Neste conselho, que tende a ser esvaziado se o outro for aprovado, como cada Estado tem um voto, o Nordeste, região que tem o maior número de Estados, faz todos os presidentes. A ideia que mais angariou apoio ao longo da semana foi aquela que atribuiu um voto por região, de maneira a que a soma de Norte e Nordeste se limite a dois terços dos votos e não seja capaz, como no Comsefaz, de fazer a maioria absoluta nas deliberações.

Some-se a isso a disposição de o Rio negociar a inclusão de emenda que assegura regime especial para royalties, com metade da receita para os Estados e municípios produtores. A concentração desses recursos em mãos de alguns poucos está paralisada no Supremo Tribunal Federal e é um dos enroscos que a reforma se dispunha a resolver.
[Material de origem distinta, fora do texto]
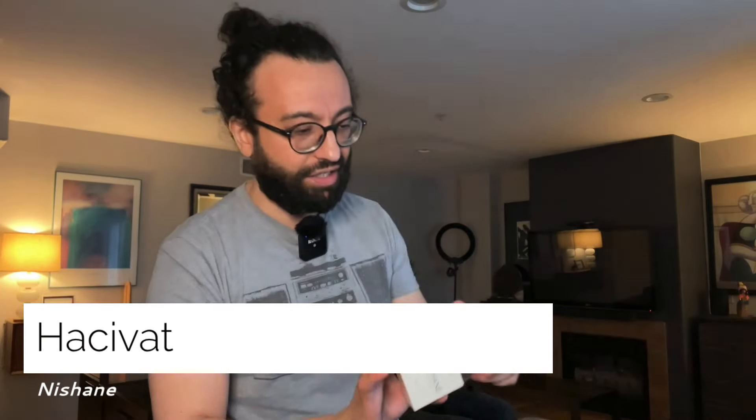Number two is like Aventus on steroids — much stronger in performance and especially in projection. I'm talking about Hacivat by Nishane. This one will definitely get your attention, I guarantee it. If you want something Aventus-like but don't want to buy Aventus, I highly encourage you to invest in a bottle of Hacivat. It's not that expensive either — that's my advice to you.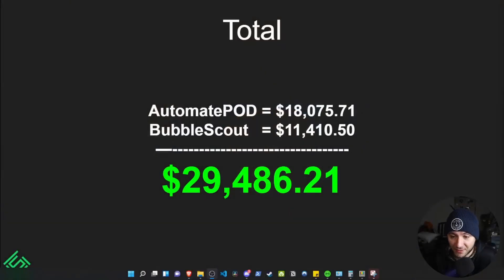Let's dive into the numbers real quick. Automate POD, my first Chrome extension — if you go to the Chrome extension store and search Automate POD, you'll find it there. It brought in $18,075.71. The second one, Bubble Scout, brought in $11,410.50, bringing the total to $29,486.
A emenda tem por autoria a mesma deputada filha de ex-presidente da Câmara cassado que fracassou na recente tentativa de blindar crimes financeiros a pretexto de impedir a “discriminação de políticos”.

Com os Estados dispostos a negociar e o PIB engajado pela reforma, restou ao presidente da Câmara reformular sua estratégia. Cercado pela operação policial que flagrou assessores com uma botija do “orçamento secreto”, o deputado Arthur Lira (PP-AL) havia pautado um esforço concentrado para votar as pautas econômicas e renovar seus créditos junto ao Executivo e à própria Casa.
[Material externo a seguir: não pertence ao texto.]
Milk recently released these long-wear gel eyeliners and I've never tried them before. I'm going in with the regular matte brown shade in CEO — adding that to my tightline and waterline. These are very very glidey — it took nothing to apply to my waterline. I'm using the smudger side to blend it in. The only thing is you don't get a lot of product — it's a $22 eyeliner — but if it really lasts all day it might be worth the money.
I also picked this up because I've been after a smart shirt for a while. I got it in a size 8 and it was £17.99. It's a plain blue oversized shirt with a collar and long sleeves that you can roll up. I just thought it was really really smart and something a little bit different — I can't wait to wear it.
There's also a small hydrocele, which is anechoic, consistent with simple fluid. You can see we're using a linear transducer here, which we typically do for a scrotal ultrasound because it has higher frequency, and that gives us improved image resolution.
Contava com as resistências setoriais e dos governadores para ajudá-lo a barganhar por mais um naco de emendas e cargos. Foi fechado um acordo com a Secretaria de Relações Institucionais para um lote de emendas na Saúde em troca da aprovação do acordo no Carf e do arcabouço fiscal. Um outro lote, além da concessão de novos cargos, viria na etapa seguinte, da reforma tributária.

Quando Lira viu que a reforma já não angariava a mesma resistência, resolveu inverter a pauta e sugeriu colocá-la em votação, para que fossem destravadas as entregas da segunda parte do acordo, sem que a primeira tenha resultado em Carf ou arcabouço.

Se a virada visava à insistente pressão para reaver seus domínios na Saúde, o presidente Luiz Inácio Lula da Silva resolveu verbalizar a blindagem da ministra Nísia Trindade.

Os embates em torno da negociação só chocam porque se esquece que a última grande reforma tributária aconteceu sob um regime de exceção. A União foi fortalecida e setores empresariais, aliviados. Com a Constituição de 1988, Estados e municípios se beneficiaram com transferências tributárias que reduziram os recursos da União.

É claro que o custo seria alto para fazer, com democracia e sem constituinte, reforma com décadas de atraso. Quando se fala de perda de autonomia leia-se menos chance de distribuir benesses que têm, não apenas blindado setores, mas sustentado carreiras políticas. Se a resistência baixou é porque concluiu-se que afundarão todos - com ou sem benefícios. No substitutivo se saberá onde estão as melhores boias.